__REQUIRED ACTION__
Copy out the entire listing word for word.

__INPUT MATERIAL__
┌────────
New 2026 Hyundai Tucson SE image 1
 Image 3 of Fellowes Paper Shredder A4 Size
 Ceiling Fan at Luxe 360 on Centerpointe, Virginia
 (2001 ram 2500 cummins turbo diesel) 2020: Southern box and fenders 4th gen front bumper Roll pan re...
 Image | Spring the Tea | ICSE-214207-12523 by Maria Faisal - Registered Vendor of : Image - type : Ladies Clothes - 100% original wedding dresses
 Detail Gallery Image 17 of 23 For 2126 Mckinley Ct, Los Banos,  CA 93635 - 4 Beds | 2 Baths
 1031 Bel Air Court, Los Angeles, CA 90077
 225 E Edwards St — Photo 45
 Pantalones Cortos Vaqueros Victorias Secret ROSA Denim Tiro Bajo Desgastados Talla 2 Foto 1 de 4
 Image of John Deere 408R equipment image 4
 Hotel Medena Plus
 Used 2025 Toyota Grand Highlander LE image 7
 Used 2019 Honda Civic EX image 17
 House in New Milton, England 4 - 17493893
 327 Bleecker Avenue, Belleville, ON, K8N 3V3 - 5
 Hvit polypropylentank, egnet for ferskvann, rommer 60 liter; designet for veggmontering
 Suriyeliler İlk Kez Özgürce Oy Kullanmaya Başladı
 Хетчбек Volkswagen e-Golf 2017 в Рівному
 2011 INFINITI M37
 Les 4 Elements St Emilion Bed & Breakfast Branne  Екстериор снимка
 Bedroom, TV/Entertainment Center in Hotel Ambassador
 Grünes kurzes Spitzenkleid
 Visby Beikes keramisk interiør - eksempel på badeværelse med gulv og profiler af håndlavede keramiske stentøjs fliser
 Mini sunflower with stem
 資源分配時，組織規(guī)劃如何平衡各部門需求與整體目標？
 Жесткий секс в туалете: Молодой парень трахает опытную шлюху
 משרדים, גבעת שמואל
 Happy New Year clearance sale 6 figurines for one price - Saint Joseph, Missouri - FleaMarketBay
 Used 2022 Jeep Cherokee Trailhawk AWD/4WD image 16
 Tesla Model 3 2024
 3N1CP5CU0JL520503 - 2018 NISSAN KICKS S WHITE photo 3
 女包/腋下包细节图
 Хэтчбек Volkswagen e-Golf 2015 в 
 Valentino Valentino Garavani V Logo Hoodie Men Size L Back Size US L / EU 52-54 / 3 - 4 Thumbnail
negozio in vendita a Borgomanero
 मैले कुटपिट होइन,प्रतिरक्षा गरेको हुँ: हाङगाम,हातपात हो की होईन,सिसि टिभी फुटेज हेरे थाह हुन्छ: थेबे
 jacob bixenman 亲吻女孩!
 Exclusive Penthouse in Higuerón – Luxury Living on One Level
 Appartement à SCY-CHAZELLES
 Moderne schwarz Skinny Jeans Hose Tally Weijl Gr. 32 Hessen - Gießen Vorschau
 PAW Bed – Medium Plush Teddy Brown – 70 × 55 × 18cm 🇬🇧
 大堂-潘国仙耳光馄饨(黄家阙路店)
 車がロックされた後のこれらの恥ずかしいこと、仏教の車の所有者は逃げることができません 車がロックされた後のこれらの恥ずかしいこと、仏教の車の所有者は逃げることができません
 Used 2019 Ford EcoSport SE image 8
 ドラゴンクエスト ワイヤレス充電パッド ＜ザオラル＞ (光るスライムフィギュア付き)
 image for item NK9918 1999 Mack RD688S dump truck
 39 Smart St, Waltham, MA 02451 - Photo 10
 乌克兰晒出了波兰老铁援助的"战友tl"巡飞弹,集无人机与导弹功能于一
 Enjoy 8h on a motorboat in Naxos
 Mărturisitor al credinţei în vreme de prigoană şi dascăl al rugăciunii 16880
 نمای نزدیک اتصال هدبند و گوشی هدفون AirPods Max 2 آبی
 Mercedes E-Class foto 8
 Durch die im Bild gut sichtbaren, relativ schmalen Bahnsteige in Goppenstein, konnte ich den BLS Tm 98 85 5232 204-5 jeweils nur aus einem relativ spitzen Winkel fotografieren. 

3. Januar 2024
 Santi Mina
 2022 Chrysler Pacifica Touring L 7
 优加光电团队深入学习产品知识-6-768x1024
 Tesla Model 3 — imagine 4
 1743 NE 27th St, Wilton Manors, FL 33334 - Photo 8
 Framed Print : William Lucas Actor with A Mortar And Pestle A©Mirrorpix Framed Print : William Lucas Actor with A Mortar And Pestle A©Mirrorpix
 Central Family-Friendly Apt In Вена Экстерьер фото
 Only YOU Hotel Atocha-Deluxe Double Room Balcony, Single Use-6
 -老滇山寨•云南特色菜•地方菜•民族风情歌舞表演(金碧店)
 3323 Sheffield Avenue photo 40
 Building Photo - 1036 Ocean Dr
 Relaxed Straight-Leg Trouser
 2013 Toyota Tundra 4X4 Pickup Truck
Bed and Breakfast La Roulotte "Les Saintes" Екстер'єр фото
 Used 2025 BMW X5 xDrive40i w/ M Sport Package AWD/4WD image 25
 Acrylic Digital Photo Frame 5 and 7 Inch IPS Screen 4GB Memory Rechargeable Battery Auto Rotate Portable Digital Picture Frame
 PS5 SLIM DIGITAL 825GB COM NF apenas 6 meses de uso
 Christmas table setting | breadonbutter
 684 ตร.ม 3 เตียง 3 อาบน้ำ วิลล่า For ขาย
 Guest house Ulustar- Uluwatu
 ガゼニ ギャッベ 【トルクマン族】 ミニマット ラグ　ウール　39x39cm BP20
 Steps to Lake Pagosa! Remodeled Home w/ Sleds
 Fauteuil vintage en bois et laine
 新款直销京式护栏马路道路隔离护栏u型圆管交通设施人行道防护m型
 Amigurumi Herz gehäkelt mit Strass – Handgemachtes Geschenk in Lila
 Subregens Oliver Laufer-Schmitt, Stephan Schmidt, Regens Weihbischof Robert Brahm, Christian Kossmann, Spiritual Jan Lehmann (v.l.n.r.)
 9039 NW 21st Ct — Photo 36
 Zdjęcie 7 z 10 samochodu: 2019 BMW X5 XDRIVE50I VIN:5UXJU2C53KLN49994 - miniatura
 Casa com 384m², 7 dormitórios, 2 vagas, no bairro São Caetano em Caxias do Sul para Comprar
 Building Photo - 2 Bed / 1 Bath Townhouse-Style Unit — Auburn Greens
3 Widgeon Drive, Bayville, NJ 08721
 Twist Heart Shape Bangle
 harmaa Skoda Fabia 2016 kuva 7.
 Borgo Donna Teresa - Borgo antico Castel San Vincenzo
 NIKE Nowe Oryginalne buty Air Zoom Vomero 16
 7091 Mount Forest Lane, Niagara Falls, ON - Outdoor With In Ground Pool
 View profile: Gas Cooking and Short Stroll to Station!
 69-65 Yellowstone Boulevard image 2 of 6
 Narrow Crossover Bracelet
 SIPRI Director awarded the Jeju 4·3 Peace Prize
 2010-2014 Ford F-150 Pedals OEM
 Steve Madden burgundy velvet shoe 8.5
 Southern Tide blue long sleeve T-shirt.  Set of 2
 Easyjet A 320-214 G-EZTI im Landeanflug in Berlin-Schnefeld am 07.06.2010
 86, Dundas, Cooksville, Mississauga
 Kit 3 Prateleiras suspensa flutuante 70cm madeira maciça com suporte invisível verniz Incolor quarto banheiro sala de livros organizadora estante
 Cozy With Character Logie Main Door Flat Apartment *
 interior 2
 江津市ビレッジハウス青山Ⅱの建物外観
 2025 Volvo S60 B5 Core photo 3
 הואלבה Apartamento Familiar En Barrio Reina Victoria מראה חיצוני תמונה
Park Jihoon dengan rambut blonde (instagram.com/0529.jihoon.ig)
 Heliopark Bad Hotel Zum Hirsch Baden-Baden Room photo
└────────
__RESPONSE__
New 2026 Hyundai Tucson SE image 1
 Image 3 of Fellowes Paper Shredder A4 Size
 Ceiling Fan at Luxe 360 on Centerpointe, Virginia
 (2001 ram 2500 cummins turbo diesel) 2020: Southern box and fenders 4th gen front bumper Roll pan re...
 Image | Spring the Tea | ICSE-214207-12523 by Maria Faisal - Registered Vendor of : Image - type : Ladies Clothes - 100% original wedding dresses
 Detail Gallery Image 17 of 23 For 2126 Mckinley Ct, Los Banos,  CA 93635 - 4 Beds | 2 Baths
 1031 Bel Air Court, Los Angeles, CA 90077
 225 E Edwards St — Photo 45
 Pantalones Cortos Vaqueros Victorias Secret ROSA Denim Tiro Bajo Desgastados Talla 2 Foto 1 de 4
 Image of John Deere 408R equipment image 4
 Hotel Medena Plus
 Used 2025 Toyota Grand Highlander LE image 7
 Used 2019 Honda Civic EX image 17
 House in New Milton, England 4 - 17493893
 327 Bleecker Avenue, Belleville, ON, K8N 3V3 - 5
 Hvit polypropylentank, egnet for ferskvann, rommer 60 liter; designet for veggmontering
 Suriyeliler İlk Kez Özgürce Oy Kullanmaya Başladı
 Хетчбек Volkswagen e-Golf 2017 в Рівному
 2011 INFINITI M37
 Les 4 Elements St Emilion Bed & Breakfast Branne  Екстериор снимка
 Bedroom, TV/Entertainment Center in Hotel Ambassador
 Grünes kurzes Spitzenkleid
 Visby Beikes keramisk interiør - eksempel på badeværelse med gulv og profiler af håndlavede keramiske stentøjs fliser
 Mini sunflower with stem
 資源分配時，組織規(guī)劃如何平衡各部門需求與整體目標？
 Жесткий секс в туалете: Молодой парень трахает опытную шлюху
 משרדים, גבעת שמואל
 Happy New Year clearance sale 6 figurines for one price - Saint Joseph, Missouri - FleaMarketBay
 Used 2022 Jeep Cherokee Trailhawk AWD/4WD image 16
 Tesla Model 3 2024
 3N1CP5CU0JL520503 - 2018 NISSAN KICKS S WHITE photo 3
 女包/腋下包细节图
 Хэтчбек Volkswagen e-Golf 2015 в 
 Valentino Valentino Garavani V Logo Hoodie Men Size L Back Size US L / EU 52-54 / 3 - 4 Thumbnail
negozio in vendita a Borgomanero
 मैले कुटपिट होइन,प्रतिरक्षा गरेको हुँ: हाङगाम,हातपात हो की होईन,सिसि टिभी फुटेज हेरे थाह हुन्छ: थेबे
 jacob bixenman 亲吻女孩!
 Exclusive Penthouse in Higuerón – Luxury Living on One Level
 Appartement à SCY-CHAZELLES
 Moderne schwarz Skinny Jeans Hose Tally Weijl Gr. 32 Hessen - Gießen Vorschau
 PAW Bed – Medium Plush Teddy Brown – 70 × 55 × 18cm 🇬🇧
 大堂-潘国仙耳光馄饨(黄家阙路店)
 車がロックされた後のこれらの恥ずかしいこと、仏教の車の所有者は逃げることができません 車がロックされた後のこれらの恥ずかしいこと、仏教の車の所有者は逃げることができません
 Used 2019 Ford EcoSport SE image 8
 ドラゴンクエスト ワイヤレス充電パッド ＜ザオラル＞ (光るスライムフィギュア付き)
 image for item NK9918 1999 Mack RD688S dump truck
 39 Smart St, Waltham, MA 02451 - Photo 10
 乌克兰晒出了波兰老铁援助的"战友tl"巡飞弹,集无人机与导弹功能于一
 Enjoy 8h on a motorboat in Naxos
 Mărturisitor al credinţei în vreme de prigoană şi dascăl al rugăciunii 16880
 نمای نزدیک اتصال هدبند و گوشی هدفون AirPods Max 2 آبی
 Mercedes E-Class foto 8
 Durch die im Bild gut sichtbaren, relativ schmalen Bahnsteige in Goppenstein, konnte ich den BLS Tm 98 85 5232 204-5 jeweils nur aus einem relativ spitzen Winkel fotografieren. 

3. Januar 2024
 Santi Mina
 2022 Chrysler Pacifica Touring L 7
 优加光电团队深入学习产品知识-6-768x1024
 Tesla Model 3 — imagine 4
 1743 NE 27th St, Wilton Manors, FL 33334 - Photo 8
 Framed Print : William Lucas Actor with A Mortar And Pestle A©Mirrorpix Framed Print : William Lucas Actor with A Mortar And Pestle A©Mirrorpix
 Central Family-Friendly Apt In Вена Экстерьер фото
 Only YOU Hotel Atocha-Deluxe Double Room Balcony, Single Use-6
 -老滇山寨•云南特色菜•地方菜•民族风情歌舞表演(金碧店)
 3323 Sheffield Avenue photo 40
 Building Photo - 1036 Ocean Dr
 Relaxed Straight-Leg Trouser
 2013 Toyota Tundra 4X4 Pickup Truck
Bed and Breakfast La Roulotte "Les Saintes" Екстер'єр фото
 Used 2025 BMW X5 xDrive40i w/ M Sport Package AWD/4WD image 25
 Acrylic Digital Photo Frame 5 and 7 Inch IPS Screen 4GB Memory Rechargeable Battery Auto Rotate Portable Digital Picture Frame
 PS5 SLIM DIGITAL 825GB COM NF apenas 6 meses de uso
 Christmas table setting | breadonbutter
 684 ตร.ม 3 เตียง 3 อาบน้ำ วิลล่า For ขาย
 Guest house Ulustar- Uluwatu
 ガゼニ ギャッベ 【トルクマン族】 ミニマット ラグ　ウール　39x39cm BP20
 Steps to Lake Pagosa! Remodeled Home w/ Sleds
 Fauteuil vintage en bois et laine
 新款直销京式护栏马路道路隔离护栏u型圆管交通设施人行道防护m型
 Amigurumi Herz gehäkelt mit Strass – Handgemachtes Geschenk in Lila
 Subregens Oliver Laufer-Schmitt, Stephan Schmidt, Regens Weihbischof Robert Brahm, Christian Kossmann, Spiritual Jan Lehmann (v.l.n.r.)
 9039 NW 21st Ct — Photo 36
 Zdjęcie 7 z 10 samochodu: 2019 BMW X5 XDRIVE50I VIN:5UXJU2C53KLN49994 - miniatura
 Casa com 384m², 7 dormitórios, 2 vagas, no bairro São Caetano em Caxias do Sul para Comprar
 Building Photo - 2 Bed / 1 Bath Townhouse-Style Unit — Auburn Greens
3 Widgeon Drive, Bayville, NJ 08721
 Twist Heart Shape Bangle
 harmaa Skoda Fabia 2016 kuva 7.
 Borgo Donna Teresa - Borgo antico Castel San Vincenzo
 NIKE Nowe Oryginalne buty Air Zoom Vomero 16
 7091 Mount Forest Lane, Niagara Falls, ON - Outdoor With In Ground Pool
 View profile: Gas Cooking and Short Stroll to Station!
 69-65 Yellowstone Boulevard image 2 of 6
 Narrow Crossover Bracelet
 SIPRI Director awarded the Jeju 4·3 Peace Prize
 2010-2014 Ford F-150 Pedals OEM
 Steve Madden burgundy velvet shoe 8.5
 Southern Tide blue long sleeve T-shirt.  Set of 2
 Easyjet A 320-214 G-EZTI im Landeanflug in Berlin-Schnefeld am 07.06.2010
 86, Dundas, Cooksville, Mississauga
 Kit 3 Prateleiras suspensa flutuante 70cm madeira maciça com suporte invisível verniz Incolor quarto banheiro sala de livros organizadora estante
 Cozy With Character Logie Main Door Flat Apartment *
 interior 2
 江津市ビレッジハウス青山Ⅱの建物外観
 2025 Volvo S60 B5 Core photo 3
 הואלבה Apartamento Familiar En Barrio Reina Victoria מראה חיצוני תמונה
Park Jihoon dengan rambut blonde (instagram.com/0529.jihoon.ig)
 Heliopark Bad Hotel Zum Hirsch Baden-Baden Room photo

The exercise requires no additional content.